Well, you can decrease it to a LIS problem. Lets say you have strings S1 and S2. You can take S1 and for every character put in a list for that character the indexes where the character occurs. These lists should be sorted in decreasing order. For example if you have string "abacba" you have these lists

Now, if you look at S2 and for each character put in a sequence its list(note that it can be empty), you have a sequence in which you should search for LIS. Here's with the example if S2 is 'baaxac' you have sequence 1,4, 5,2,0, 5,2,0, ,5,2,0, 3. The LIS of this sequence is 3 as the answer would be. If you have to retrieve some string as an answer you can just retrieve the corresponding letters. Now that we have a LIS problem, it can be solved in nlogn. If you don't know how, there is a very recent post about that here.
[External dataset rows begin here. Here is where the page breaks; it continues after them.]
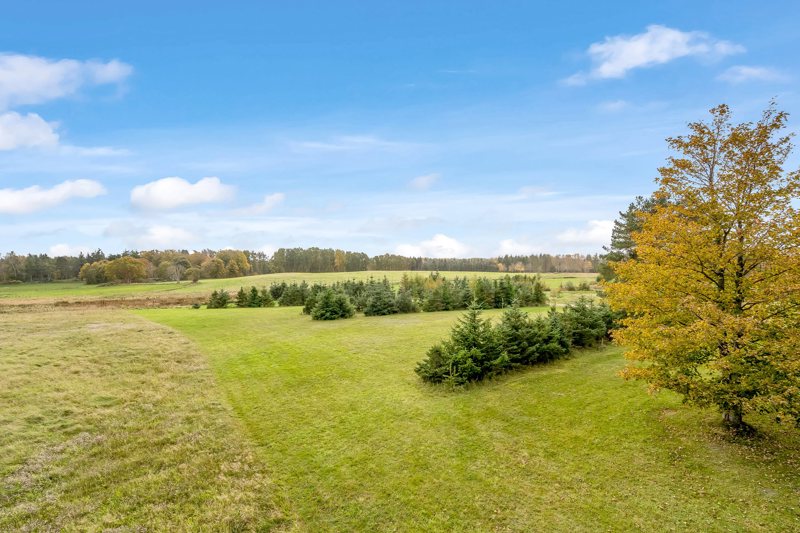 Property image number 6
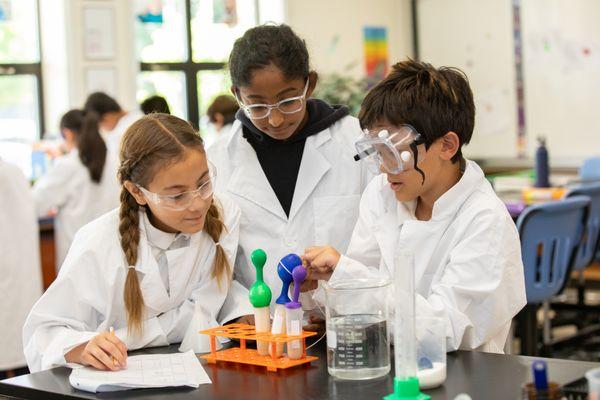 Middle School students working on a science lab together.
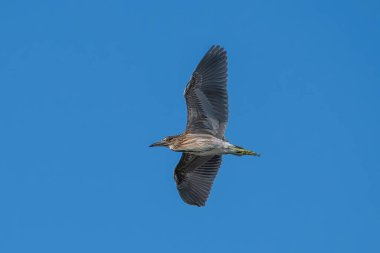 Siyah başlıklı balıkçıl (Nycticorax nycticorax) doğal ortamında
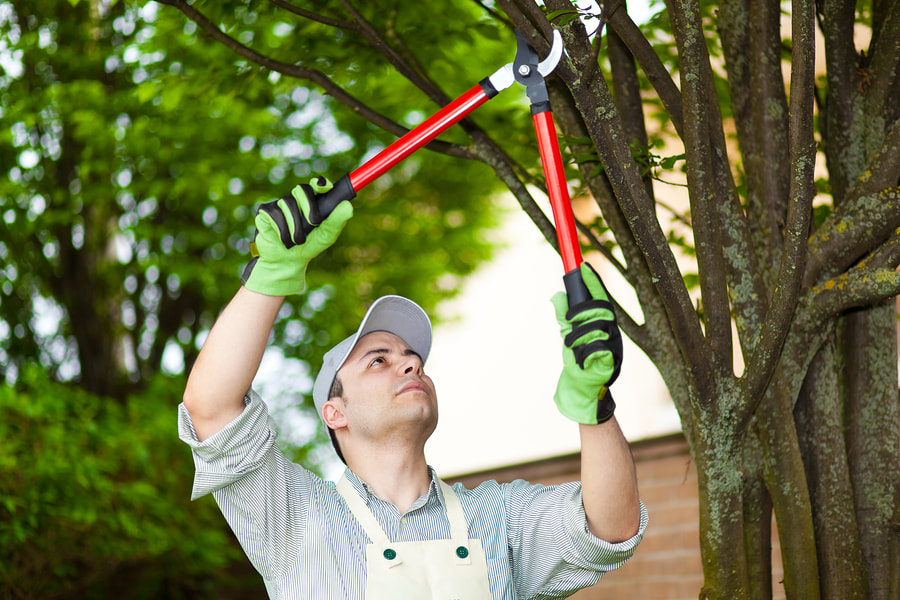Landscapers Sarasota Fl Lawn Service, Landscaping And Tree Removal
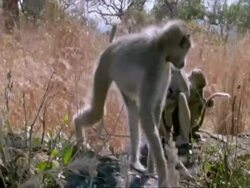 MS Yellow Baboons, Papio cynocephalus, with young, on rock amongst grass, Tanzania Stock Footage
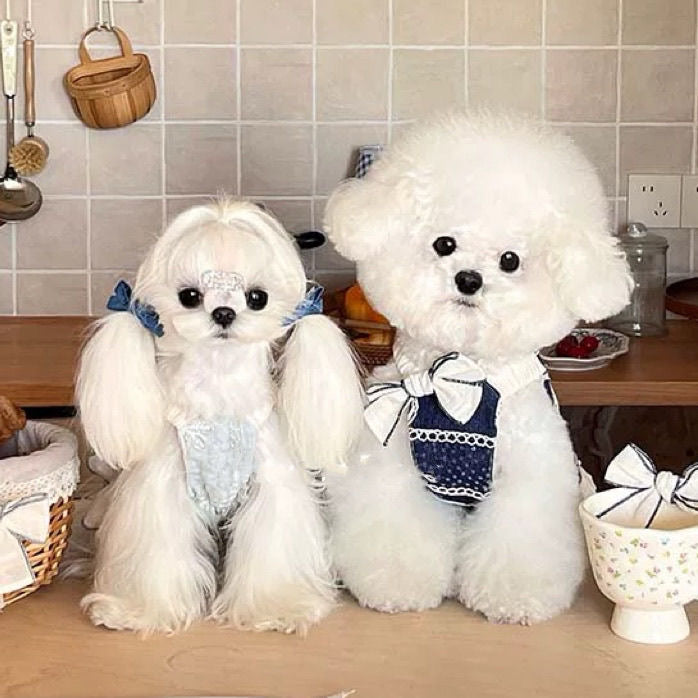 ID726 新作 ペット服 立体 リボン 刺繍 プリント 犬 猫 プリンセス 小型犬 ヨークシャー ビション 春夏 薄手 通気性 ベスト プリンセス スカート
The only problem is that the sequence can get big, but it is in rare situations, so you have an average case of nlogn and a worst case of O(NM) or something like that, but it is still a good idea, which is worth the thoughts, especially if you have some restrictions about the type of the input

Thanks a lot :) I want this too , ty for help :)

"These lists should be sorted in decreasing order".

So shouldn't the list for b read [4, 1] rather than [1, 4] ?

I thing this is a wrong on typing ! :)

Yes, it is! Thank you! :). The answer is still 3 though..

Helpful post!

Could you please provide me the code, It would be very helpful. Thank you

Forming the final array would take N*M complexity i think.

nice idea